Dividends are not deductible. The employer can deduct an amount equal to the discount given to the employee in relation to shares, options and warrants. The deduction is made in the year in which the employer has incurred the costs (i.e., when the employee obtains a final legal right to the discounted value).

Costs related to employee share programmes under the most favourable tax scheme (see Section III), are specifically excluded from deduction by the employer.

iv Other special rules

Pension contributions made by the employer on behalf of the employee are under certain conditions tax free for the employee. Withdrawals from the pension scheme are taxed later on.

Benefits included in the employee’s remuneration package are taxed as personal income. Generally, the value of these is set at the market value of the specific usage.

Members of the board of directors are taxed personally on board fees and generally cannot allocate the fee to a company. Only in very special cases has allocation to a company been accepted by the Danish tax authorities.

III TAX PLANNING AND OTHER CONSIDERATIONS

Under certain conditions, non-resident key employees can be recruited to work in Denmark, and become resident in Denmark for tax purposes and qualify for a preferential tax treatment. Employees who qualify for the scheme are taxed at an effective rate of approximately 32 per cent including labour market contribution. The maximum period for taxation under the scheme is 60 months.

Only employees who have not been liable to pay taxes in Denmark for the past 10 years can qualify. The key employees are not allowed to have a controlling influence on the employer company and cannot hold more than 25 per cent of the share capital or 50 per cent of the votes in the employer company.

IV EMPLOYMENT LAW

i Severance terms

The Salaried Employees Act provides for statutory notice periods and a certain protection in case of termination of employment.

The notice to be given by the company can be up to six months to the end of a month depending on seniority. The executive may terminate the employment with one month’s notice to the end of a month, regardless of seniority. It may, however, be agreed in writing that a longer notice must apply, provided the notice to be given by the company is extended correspondingly. Such prolongation is commonly agreed for senior executives.

The Salaried Employees Act also provides for statutory severance pay. Accordingly, a salaried employee who has been continuously employed for 12 and 17 years is entitled to severance pay corresponding to one or three months’ salary, respectively, when the employment is terminated by the company.

A salaried employee who is dismissed without just cause, and who has been employed for at least one year at the time of dismissal, is entitled to compensation for unfair dismissal.

Provided the executive has reached the age of 30, the maximum compensation equals three months’ salary. The maximum compensation is increased to four and six months’ salary after 10 and 15 years’ seniority, respectively. Maximum compensation is seldom awarded.

Executives may also be entitled to certain severance terms provided by collective bargaining agreements, notably the managers’ agreement.

For registered executive management, both the length of the respective notice periods and the right to severance pay (if any) are based solely on agreement.
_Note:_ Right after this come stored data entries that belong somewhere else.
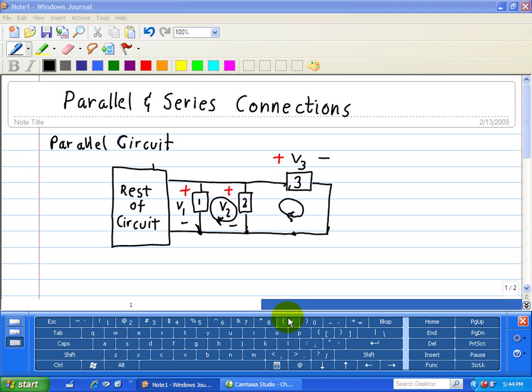We're going to look at two types of special connections that are frequently found in circuit analysis — namely the parallel and series connections. We'll start off with the parallel circuit.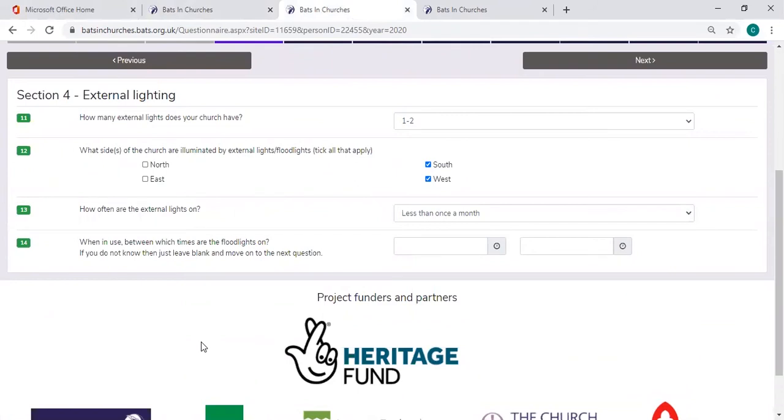One thing that's worth noting in section 4, the external lighting, is that some churches have sensors, so it makes question 13 and 14 quite difficult.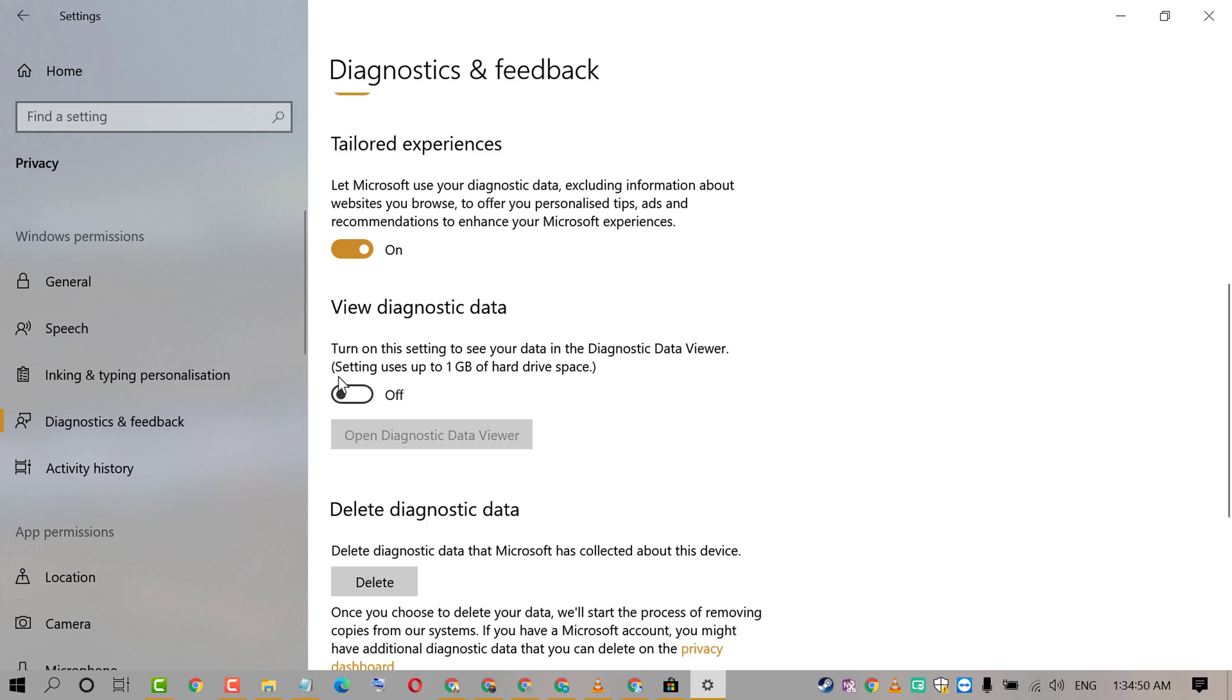So that's it friends, by this easy and very quick method we can now know how to disable and turn off Diagnostic Data Viewer on Windows 10 PC. Thanks for watching this video. Please subscribe this channel for latest updates.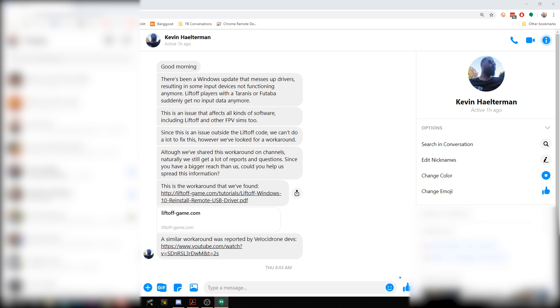Thanks to Kevin Halterman. He is the head developer of Liftoff. He reached out to me to tell me about this issue and ask me to let you guys know about it. But he's not the only one to have experienced it.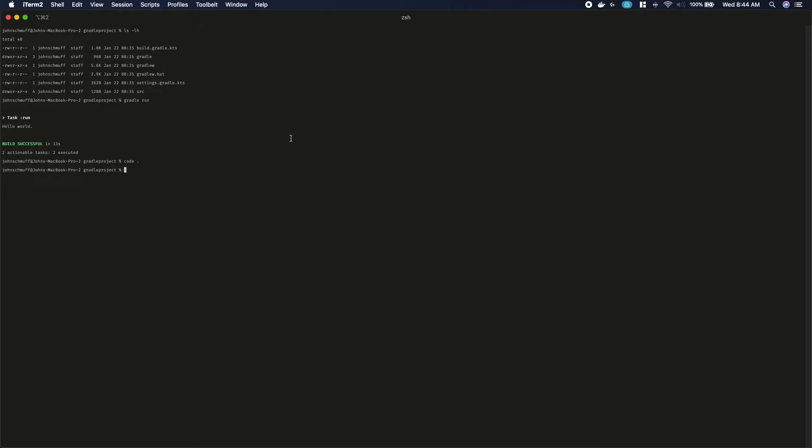Type Gradle run, just as we did before, you will see the new message being printed out. We are going to bring in the Ktor framework into our project.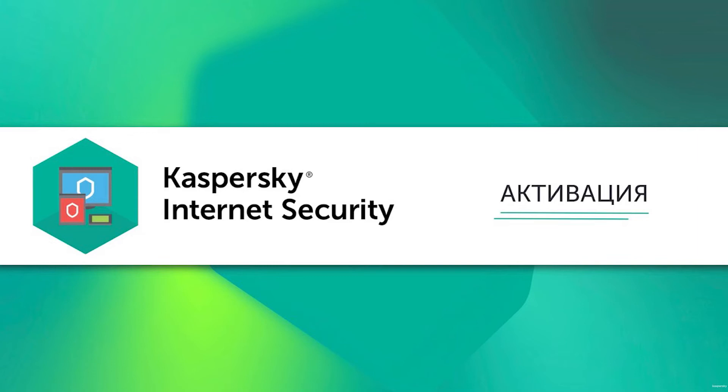Hello! Kaspersky Internet Security is not so popular in some countries. In this regard, Kaspersky Lab advertises its products in foreign magazines.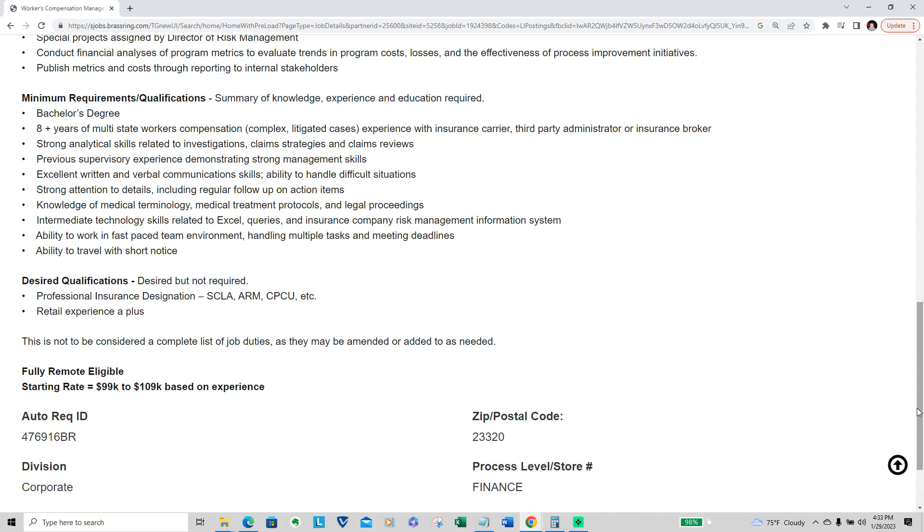Excellent written and verbal communication skills, ability to handle difficult situations, strong attention to detail including regular follow-up on action items, knowledge of medical terminology, medical treatment protocols, and legal proceedings.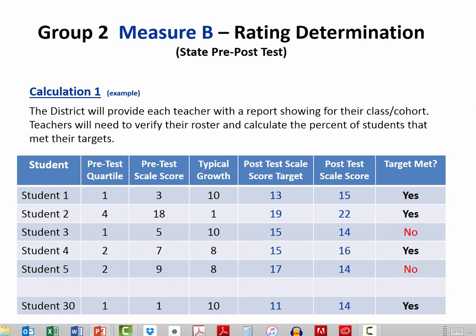The district will provide class or cohort reports listing each student's fall 2015 pre-test information, such as the pre-test quartile, pre-test scale score, typical growth value, and the student's post-test scale score. The final column, TargetMet, is a simple algorithm comparing students' post-test scale score to their target.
ii Right to bonus in connection with termination of employment

Under Danish employment law, variable remuneration is generally governed by two separate sets of rules: Section 17a of the Salaried Employees Act, and the Stock Options Act. Neither of these sets of rules applies to registered executive management.

Section 17a of the Salaried Employees Act applies to cash bonus schemes and provides that executives are entitled to pro rata bonuses for the bonus period in which termination becomes effective, irrespective of the fact that the employment ends during the bonus year or before the time of payment.

Bonus criteria presupposing that the executive is not under notice at the time of payment or employment during a full calendar year are generally not enforceable. Accordingly, an executive eligible for bonus whose employment ends during a financial year or before the time of payment is entitled to a pro rata share of the bonus he or she would have received if he or she had been employed at the end of the financial year or at the time when the bonus is paid – provided that applicable bonus targets are met.

In a recent decision, the Supreme Court has confirmed, as assumed by practitioners, that the pro rata principle applies also to stay-on bonuses and the court has resisted a possible tendency to materially modify such pro rata principle.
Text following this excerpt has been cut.